A research team led by Andrew Godwin, PhD, deputy director of The University of Kansas Cancer Center, and Yong Zeng, PhD, associate professor at the University of Florida, has been awarded a $3.1 million grant from the National Institutes of Health to investigate better ways to identify ovarian cancer earlier. Unlike breast, cervical or colorectal cancer, there is no reliable screening test to detect epithelial forms of ovarian cancer.
Ovarian cancers represent several distinct diseases, which are named after the type of cell they come from: epithelial, germ cell and stromal. Epithelial ovarian cancers, which represent 85 to 90 percent of malignant ovarian cancers, are a complex group of tumors that arise from multiple different precursor tissues, and the most common and deadly subtype (high-grade serous) is thought to originate primarily in the fallopian tubes. Epithelial ovarian cancer is referred to as the “silent killer” due to its lack of overt clinical symptoms. By the time a woman knows she has it, the cancer is often advanced. However, when caught early, the prognosis is excellent. Developing non-invasive and highly specific blood-based tests for pre-symptomatic screening and early detection of ovarian cancer is therefore crucial.
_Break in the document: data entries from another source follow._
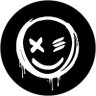 MEMEJUNKIE's profile picture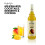 Il Doge Mango 70cl Cocktail Mixers Syrups 3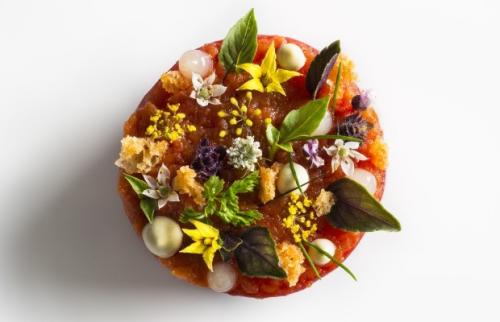 Madisonpark_2014_food_1.jpg Madisonpark_2014_food_1.jpg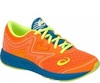 Кроссовки беговые Asics Gel Noosa Tri 12 GS детские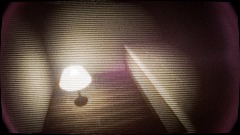 Realistic Camera Demo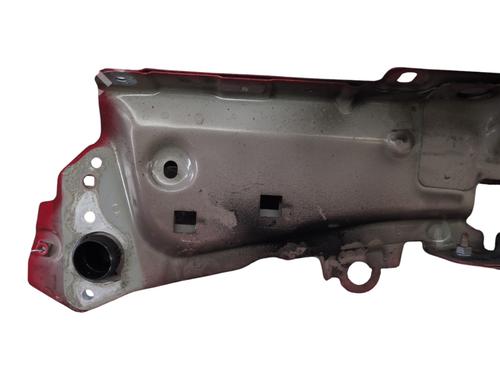 crossmember-renault-twingo-ii-cn0_-2007-28195238 main image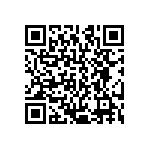 CRCW12063K09FKTB QRCode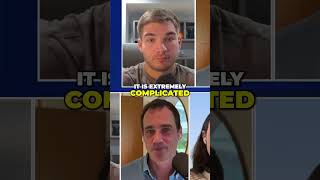 Optimus Robot: Tesla's Hand Dexterity Revolution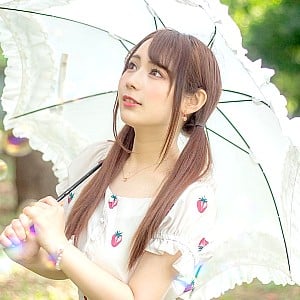 Ruka Kanae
Dr. Godwin’s laboratory, which has received funding over the years from the OVERRUN Ovarian Cancer Foundation and the Vicki Welsh Ovarian Cancer Fund, is dedicated to finding better, more reliable methods for the detection of this deadly disease, particularly high-grade serous carcinomas, the deadliest form of ovarian cancer that primarily originates in the fallopian tubes and spreads rapidly.
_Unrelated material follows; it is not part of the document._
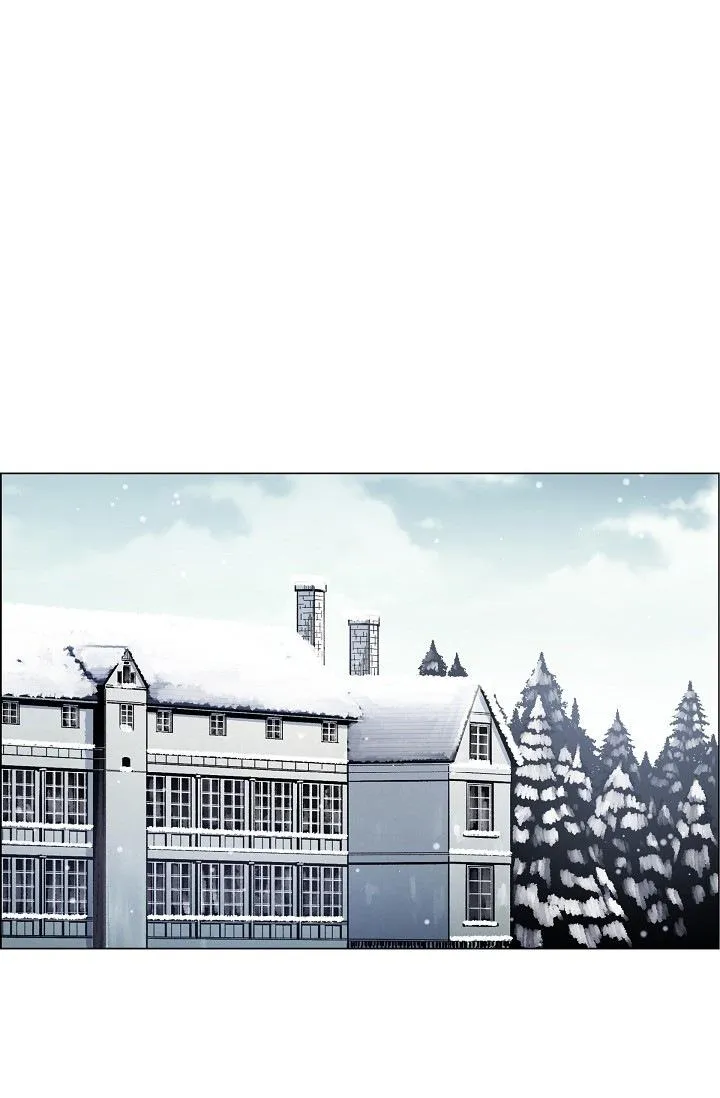 Read The Maid and the Vampire (en) Manga Online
“Most women with epithelial ovarian cancer will be diagnosed at a later stage when it has spread and become much more difficult to treat,” Dr. Godwin said. “There is an urgent need to identify novel biomarkers, apply new strategies and develop technologies to diagnose ovarian cancer earlier.”
Small extracellular vesicles, often referred to as exosomes, play an important role in cancer development and progression. They are the courier of the cells – exosomes derived from cancer cells shuttle data that can be received by surrounding cells and promote signals to help the tumor grow and spread. Exosomes in blood and other bodily fluids can serve as valuable biomarkers for early warning signs of cancer, as well as indicators for how the cancer is responding to treatment.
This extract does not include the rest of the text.